Any algorithm computing the product (resp the square) provides an algorithm to compute the square (resp the product) with the same asymptotic cost.

As noted in other answers, the algorithms used for fast multiplication can be simplified in the case of squaring. The gain will be on the constant in front of the f(N), and not on f(N) itself.

Answer 12

First of all great question! I wish there were more questions like this.

So it turns out that the method I came up with is O(n log n) for general multiplication in the arithmetic complexity only. You can represent any number X as

X = x_{n-1} 2^{n-1} + ... + x_1 2^1 + x_0 2^0
Y = y_{m-1} 2^{m-1} + ... + y_1 2^1 + y_0 2^0

where

x_i, y_i \in {0,1}

then

XY = sum _ {k=0} ^ m+n r_k 2^k

where

r_k = sum _ {i=0} ^ k x_i y_{k-i}

which is just a straight forward application of FFT to find the values of r_k for each k in (n +m) log( n + m) time.

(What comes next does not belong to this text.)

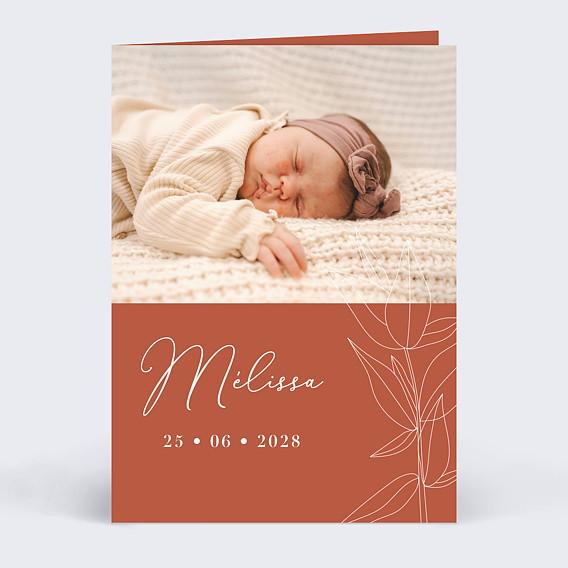 Faire part naissance Terracotta flowers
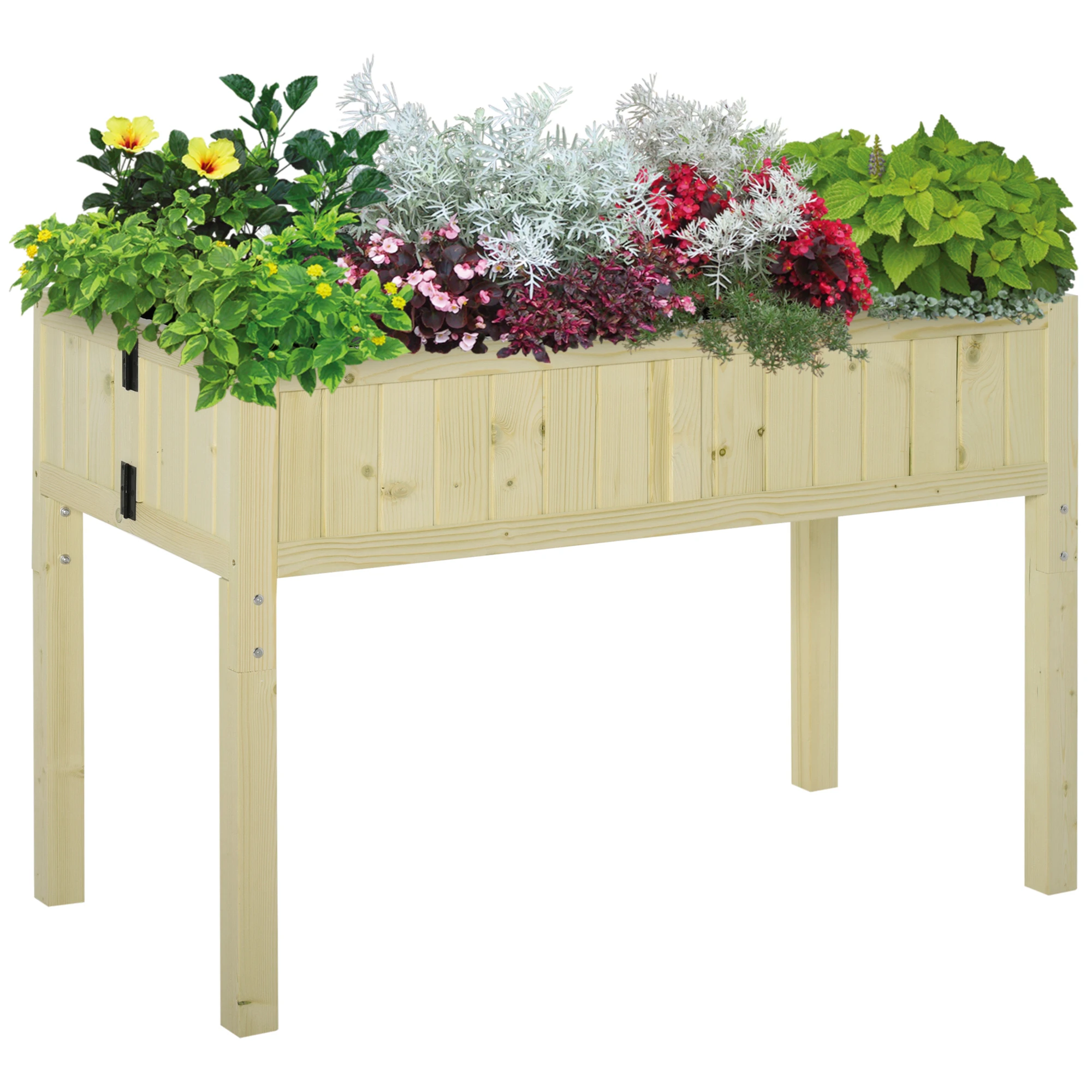 Raised Garden Bed Elevated Wooden Planter Box with Space-Saving Folding Design, Drainage Holes, & Inner Liner for Growing Vegetables, Fruits, Herbs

Then for each r_k you must determine how big the overflow is and add it up accordingly. For squaring a number this means O(n log n) arithmetic operations.

You can add up the r_k values more efficiently using the Schönhage–Strassen algorithm to obtain a O(n log n log log n) bit operation bound.

The exact answer to your question is already posted by Eric Bainville.

However, you can get a much better bound than O(n^2) for squaring a number simply because there exist much better bounds for multiplying integers!